Ihre Mutter schaute betrübt zu Boden. "Ich hab mir heute frei genommen..." Milly runzelte die Stirn. "Ist alles okay?" Die schwarzhaarige Frau wischte ihre blassen Hände and ihrem Rock ab und schaute ihrer Tochter tief in die Augen. "Papa besucht uns morgen wieder, er sagte er wolle dich sehen... "

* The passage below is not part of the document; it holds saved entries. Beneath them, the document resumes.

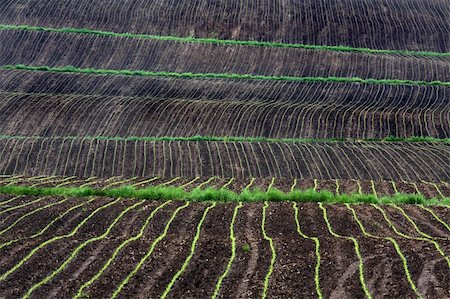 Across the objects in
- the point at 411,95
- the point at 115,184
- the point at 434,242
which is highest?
the point at 434,242

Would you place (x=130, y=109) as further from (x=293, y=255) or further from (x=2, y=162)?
(x=293, y=255)

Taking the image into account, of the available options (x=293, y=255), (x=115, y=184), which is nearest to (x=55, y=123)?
(x=115, y=184)

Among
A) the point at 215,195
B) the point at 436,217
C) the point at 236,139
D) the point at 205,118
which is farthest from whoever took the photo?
the point at 205,118

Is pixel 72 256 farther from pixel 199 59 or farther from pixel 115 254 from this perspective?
pixel 199 59

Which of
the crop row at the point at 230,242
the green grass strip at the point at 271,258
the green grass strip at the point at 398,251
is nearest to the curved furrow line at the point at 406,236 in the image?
the crop row at the point at 230,242

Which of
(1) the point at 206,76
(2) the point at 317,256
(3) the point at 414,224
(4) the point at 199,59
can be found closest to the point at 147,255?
(2) the point at 317,256

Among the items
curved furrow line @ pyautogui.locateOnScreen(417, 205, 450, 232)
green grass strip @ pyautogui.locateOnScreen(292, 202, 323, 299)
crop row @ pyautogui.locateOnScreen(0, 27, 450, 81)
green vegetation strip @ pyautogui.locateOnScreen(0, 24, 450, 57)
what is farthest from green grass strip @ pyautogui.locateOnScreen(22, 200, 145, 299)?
green vegetation strip @ pyautogui.locateOnScreen(0, 24, 450, 57)

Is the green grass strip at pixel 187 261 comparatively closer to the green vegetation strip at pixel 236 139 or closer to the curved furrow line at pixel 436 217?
the curved furrow line at pixel 436 217

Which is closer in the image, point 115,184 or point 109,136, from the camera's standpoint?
point 115,184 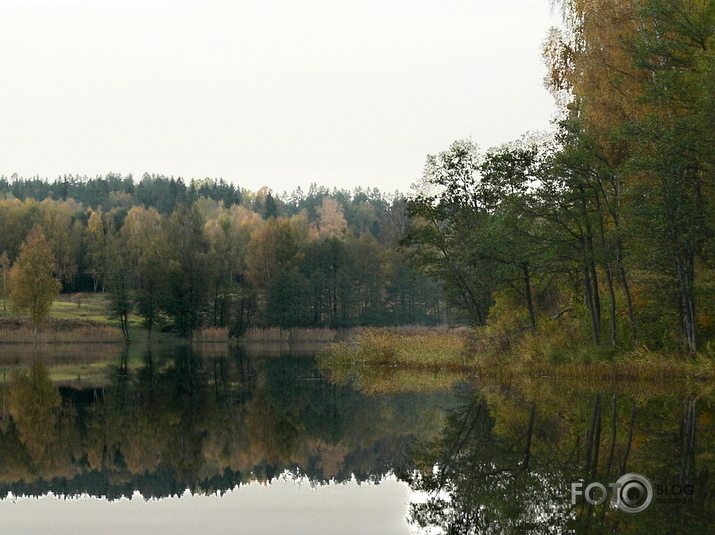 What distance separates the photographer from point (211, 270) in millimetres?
89438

Millys Augen wurden groß und sie ließ ihren Rucksack fallen. "Was..?" Als er das letzte Mal hier war, war ich 9. Jetzt bin ich 15. Er und Mom haben sich nach knapp acht Jahren Ehe geschieden. Er hat uns dann noch einmal an Weihnachten besucht, aber danach nie wieder... Bis jetzt.

"Ich will ihn nicht sehen!" Zischte Milly in einem aggressiveren Ton als sie eigentlich wollte. Sie liebte ihre Mutter und wollte sie nicht wegen so einem Idioten anschreien.

"Aber Milly..."

Die Blondine schnappte sich angespannt ihren Rucksack und verschwand in den 1. Stock.

Wenn er mich sehen wollen würde, dann wäre er erst gar nicht gegangen.

Mit einem dumpfen Geräusch ließ sich Milly auf ihr Bett fallen und ließ die trüben Gedanken ihr Wesen erfüllen.